> _THE PROBLEM_: Return the lines below exactly, from the first line to the line that contains "BOŽANSKO U NAMA". Leave out pictures.

> _DATASET RECORDS_:
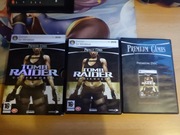 Tomb Raider Underworld PL PC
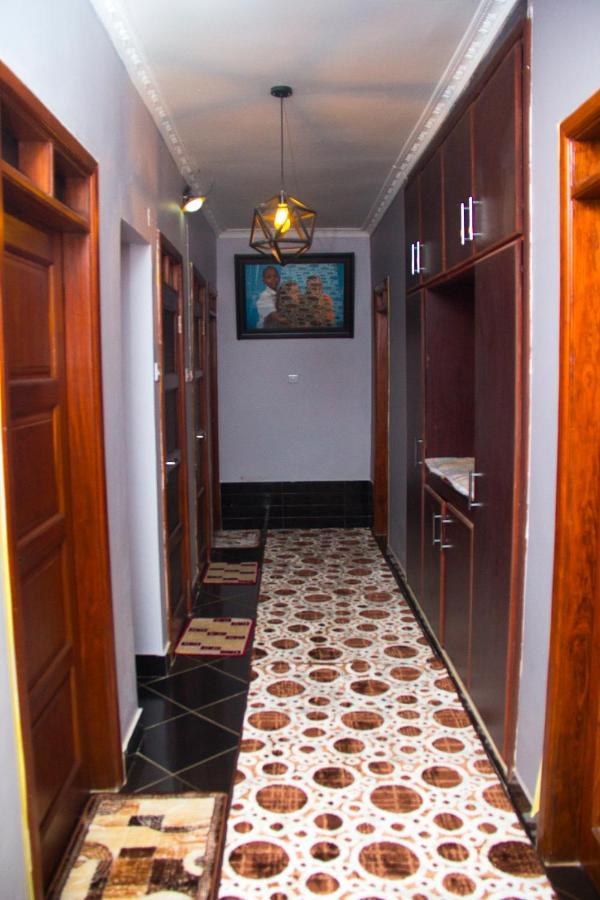 Mina Chai House Bnb Arusha Dış mekan fotoğraf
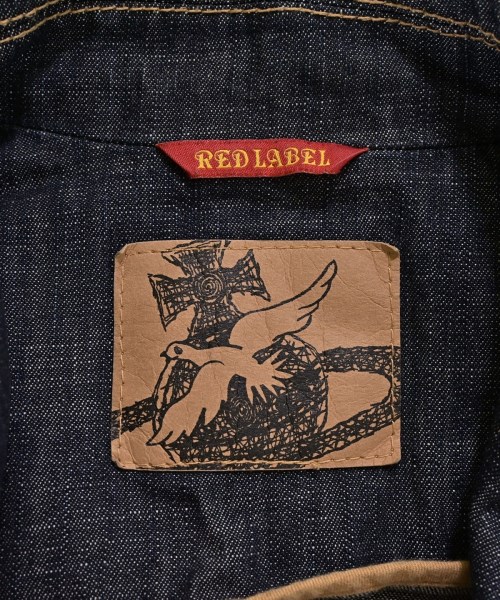 Vivienne Westwood RED LABEL（ヴィヴィアンウエストウッドレッドレーベル）その他 紺 サイズ:2(M位) レディース/2200704843035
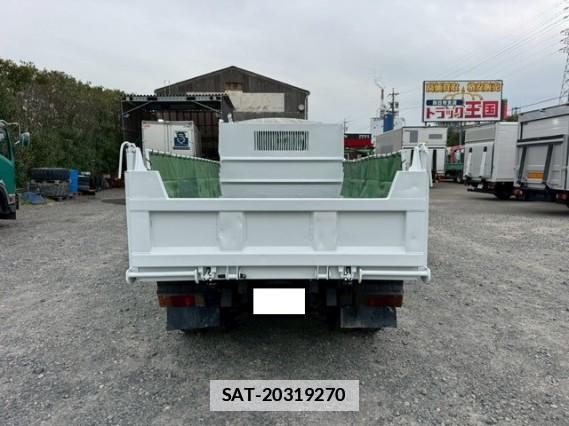 Hino DUTRO 2012 7797914-5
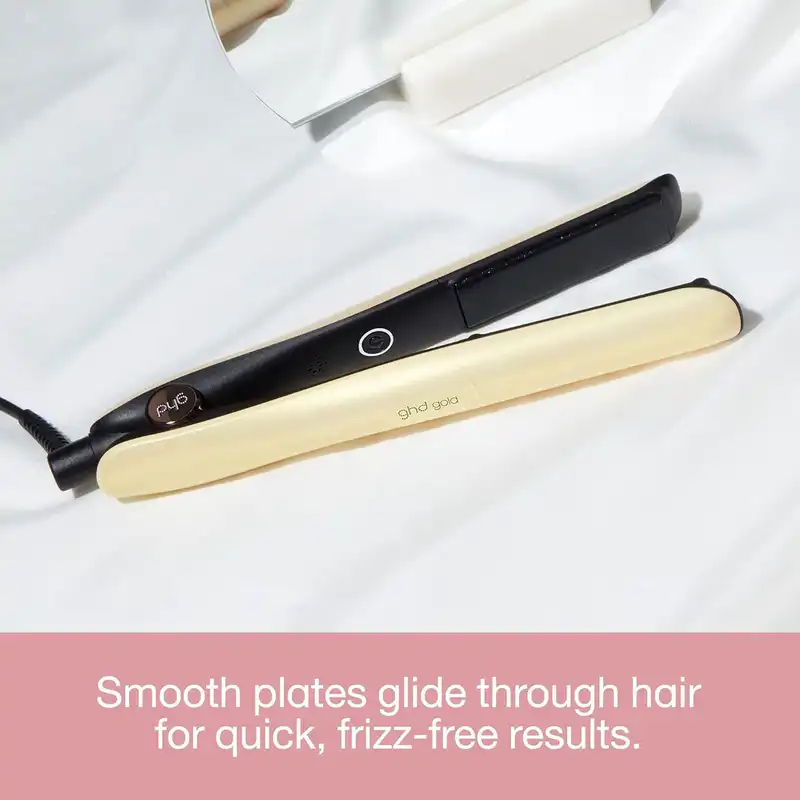 اتو مو جی اچ دی مدل Limited Edition Sun-Kissed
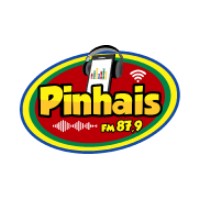Capa da Pinhais FM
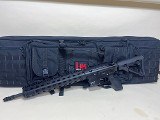 Heckler & Koch MR556 A1 Competition Rifle 5.56 NATO 16.5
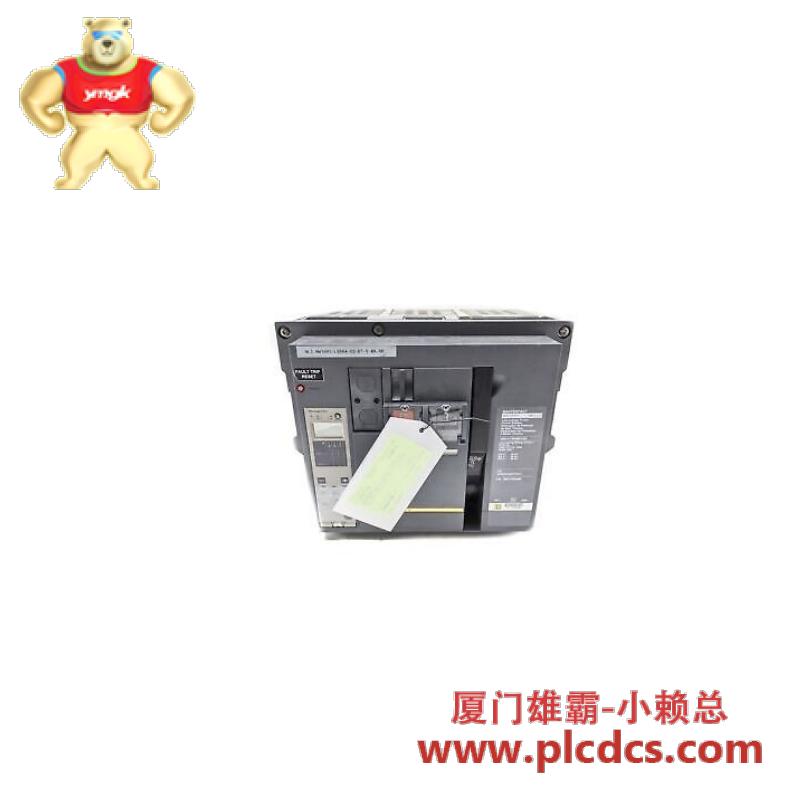 square_d_wa4eer43a9dgffwxja_lv_circuit_breaker.jpeg 施耐德WA4EER43A9DGFFWXJALV 断路器, 电路保护设备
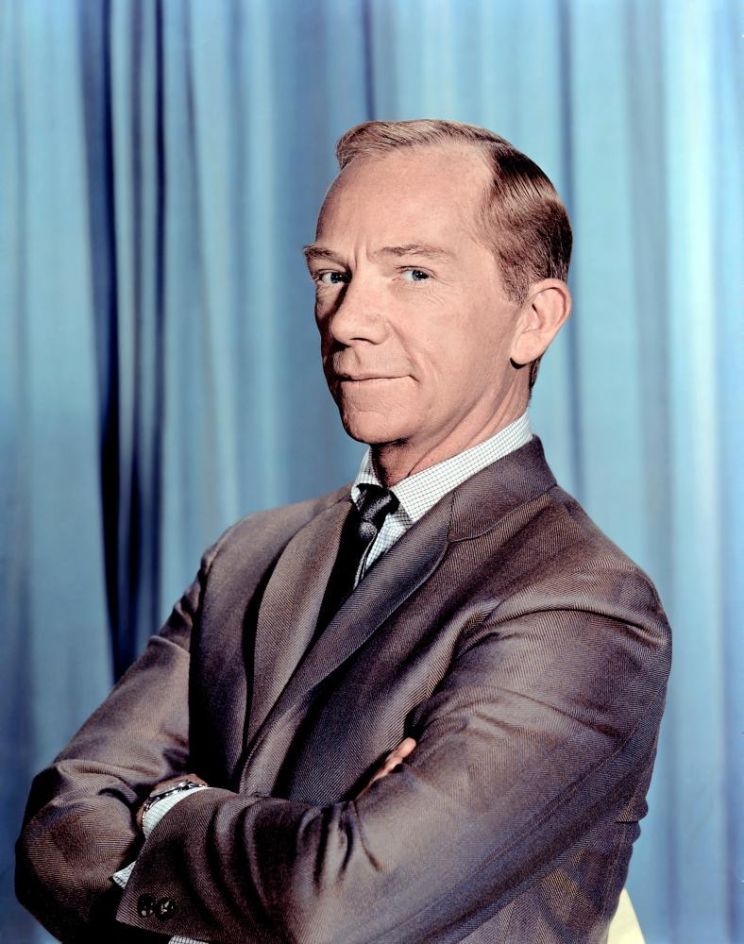 Ray Walston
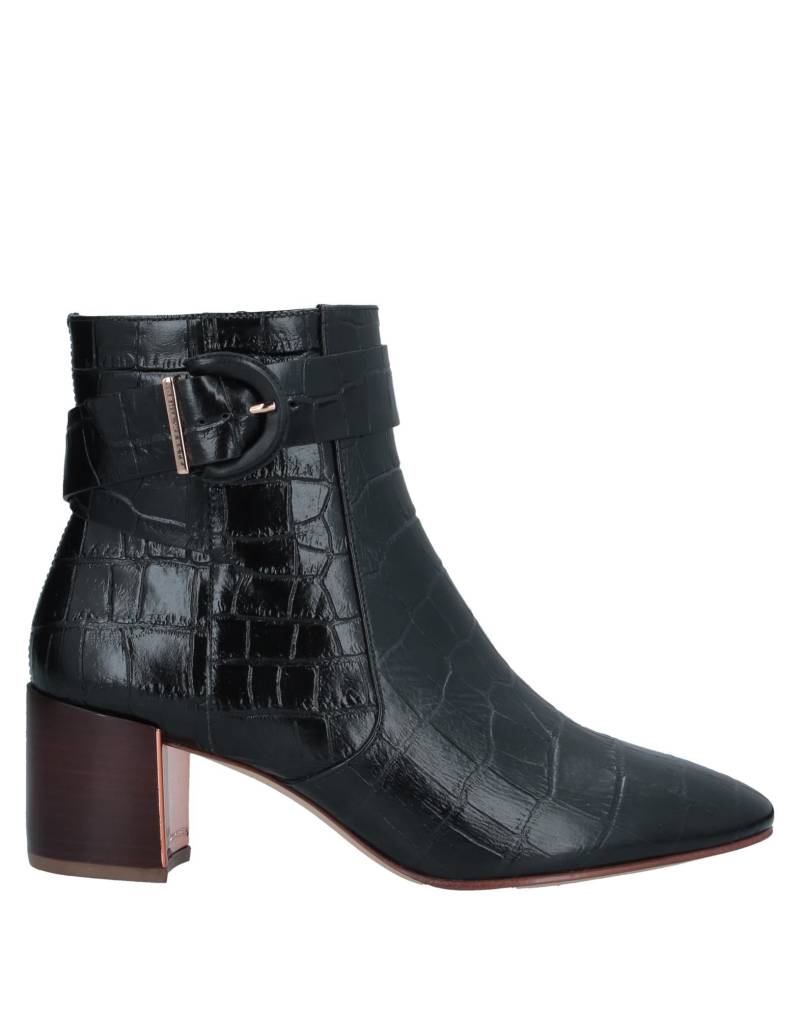 SOPHIA WEBSTER Stiefelette Damen Schwarz von SOPHIA WEBSTER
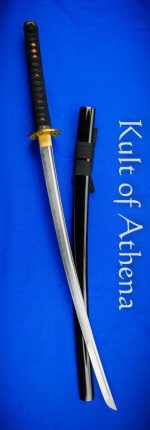 Ronin Katana Model 13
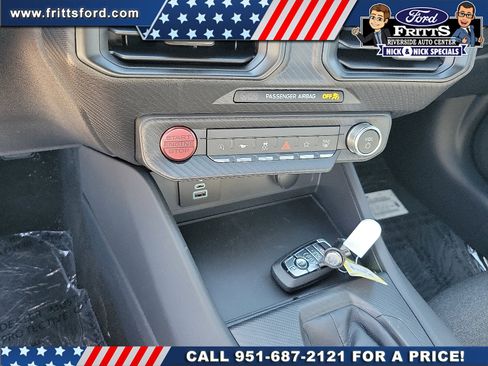 New 2026 Ford Mustang GT w/ Bronze Appearance Package image 9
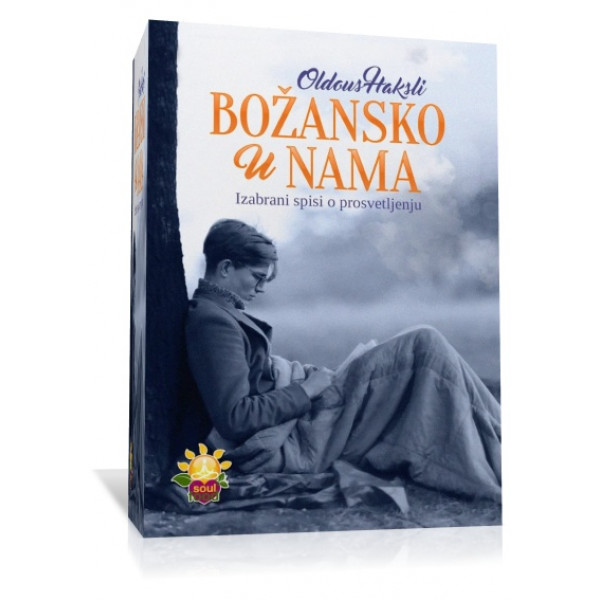 BOŽANSKO U NAMA 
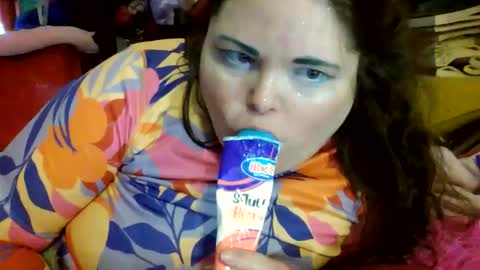 Snapshot of siofra chatting on April 30, 7:53 pm Siofra online show from April 30, 7:53 pm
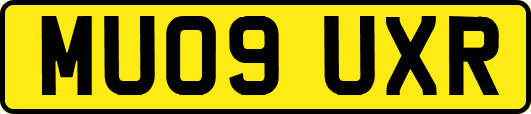 MU09UXR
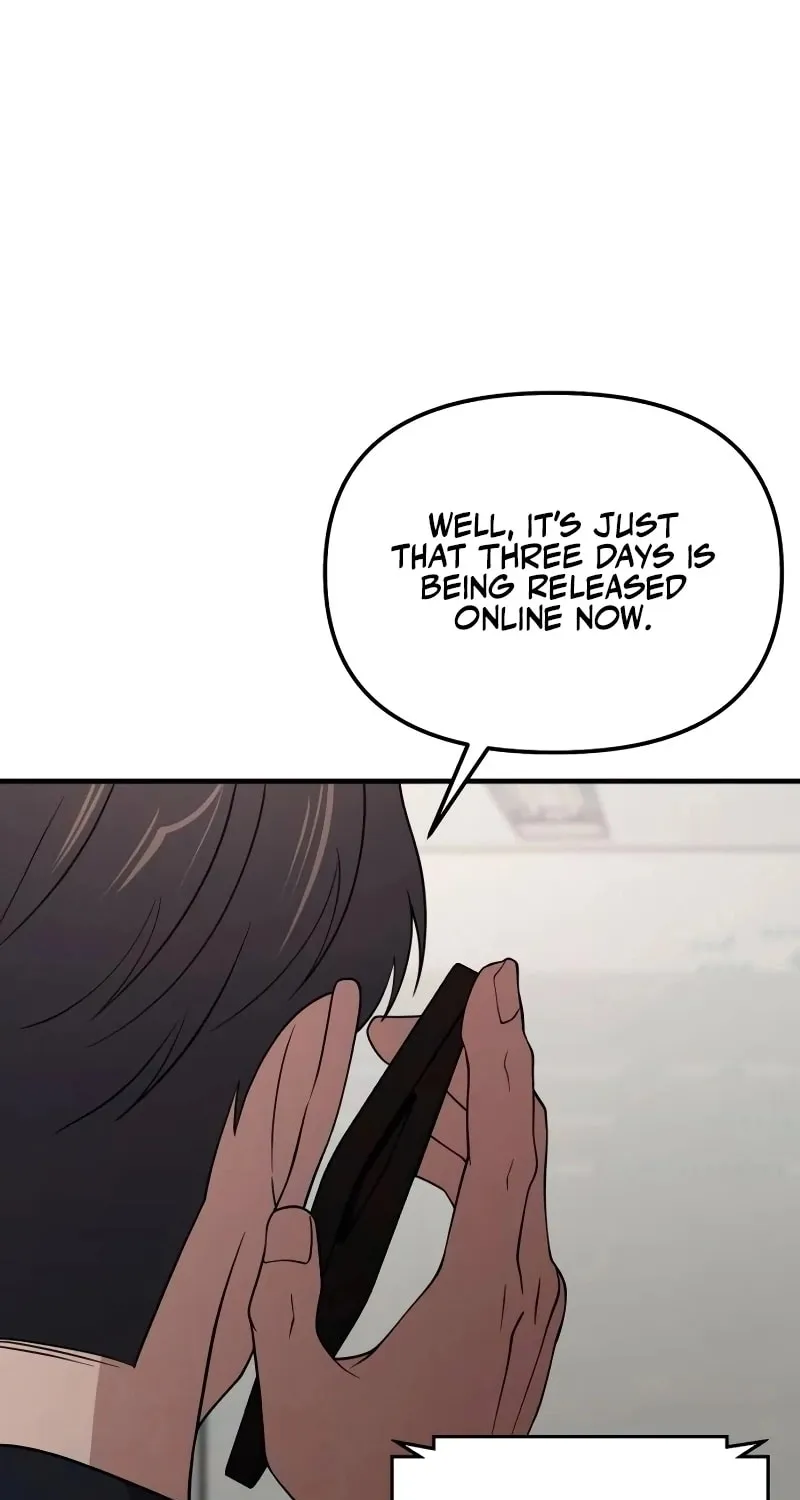 When a Genius Office Worker Goes Too Far Chapter 6 page 121 -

> _WRITTEN REPLY_:
 Tomb Raider Underworld PL PC
 Mina Chai House Bnb Arusha Dış mekan fotoğraf
 Vivienne Westwood RED LABEL（ヴィヴィアンウエストウッドレッドレーベル）その他 紺 サイズ:2(M位) レディース/2200704843035
 Hino DUTRO 2012 7797914-5
 اتو مو جی اچ دی مدل Limited Edition Sun-Kissed
Capa da Pinhais FM
 Heckler & Koch MR556 A1 Competition Rifle 5.56 NATO 16.5
 square_d_wa4eer43a9dgffwxja_lv_circuit_breaker.jpeg 施耐德WA4EER43A9DGFFWXJALV 断路器, 电路保护设备
 Ray Walston
 SOPHIA WEBSTER Stiefelette Damen Schwarz von SOPHIA WEBSTER
 Ronin Katana Model 13
 New 2026 Ford Mustang GT w/ Bronze Appearance Package image 9
 BOŽANSKO U NAMA 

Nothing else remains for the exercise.